The injury news out of the Yankees' clubhouse wasn't all bad, though. Center fielder Curtis Granderson, on the DL since May 2 with a strain of the left groin, ran eight sprints at the stadium Friday and hit off a tee for the first time since the injury and declared himself ready for the next phase of his rehab.
"I'm excited with how everything went," Granderson said. "But we still have to be cautious with it."
Granderson, who hoped to try running the bases as early as Sunday, could not put a timetable on when he might be ready to return. "It all depends on whether we have any setbacks," he said.

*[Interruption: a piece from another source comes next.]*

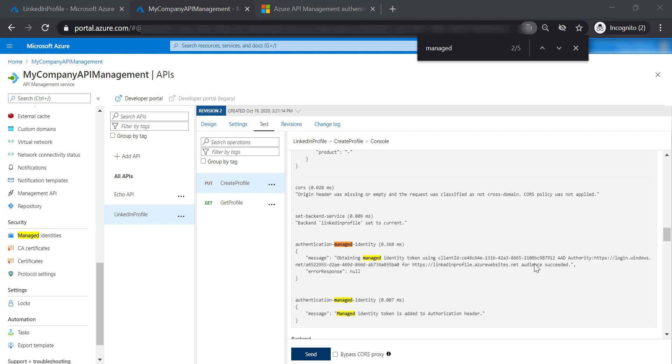In this lecture, we have seen how we can authenticate between the API management and the backend function using basic authentication, client certificate, or managed identity. That's it for this lecture. I hope you enjoyed it, and please feel free to join me in the next lecture.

Reliever Chan Ho Park, out since April 16 with a hamstring strain, completed his rehab assignment with Scranton Wilkes-Barre Friday night and is expected to be activated in time for Sunday afternoon's game with the Twins.
"He does have a history of hamstring injuries, and it would be unrealistic to think it won't happen again at some point," Cashman said. "But when he's healthy, he's going to help us."
And right fielder Nick Swisher, troubled the past few games by soreness in his left bicep and removed from Friday night's game against the Twins and taken to a hospital for an MRI exam, was back in the lineup Saturday after taking batting practice.
Swisher, who felt pain Friday night on a swing-and-miss while batting lefty against right-hander Scott Baker, said he thought he could swing pain-free from the right side against Saturday's starter, left-hander Francisco Liriano.
When asked if he would be able to stay in the game if the Twins went to a right-handed reliever, he said: "I don't know. I really don't."
"I don't feel it swinging righty but I do lefty," Swisher added. "I've never had anything like it before. It's literally in the head of the bicep."
Swisher said the MRI showed no tear, just a slight strain of the biceps. But it still clearly bothered him somewhat, and he asked a clubhouse attendant for a pressure sleeve to wear over the injury before donning his uniform.
"I'm the kind of guy, man, I just want to be in the lineup," he said. "It's frustrating when you want to be in the there, but you also got to be careful. You don't want to turn two to three days into two to three months. We got a lot of guys down and I don't want to add to the list."
Rounding out the injury report is right-handed reliever Alfredo Aceves, who was placed on the DL Wednesday in Detroit with soreness in his lower back.
Aceves received an epidural injection on Friday and will need at least a week or more before he can resume baseball activities.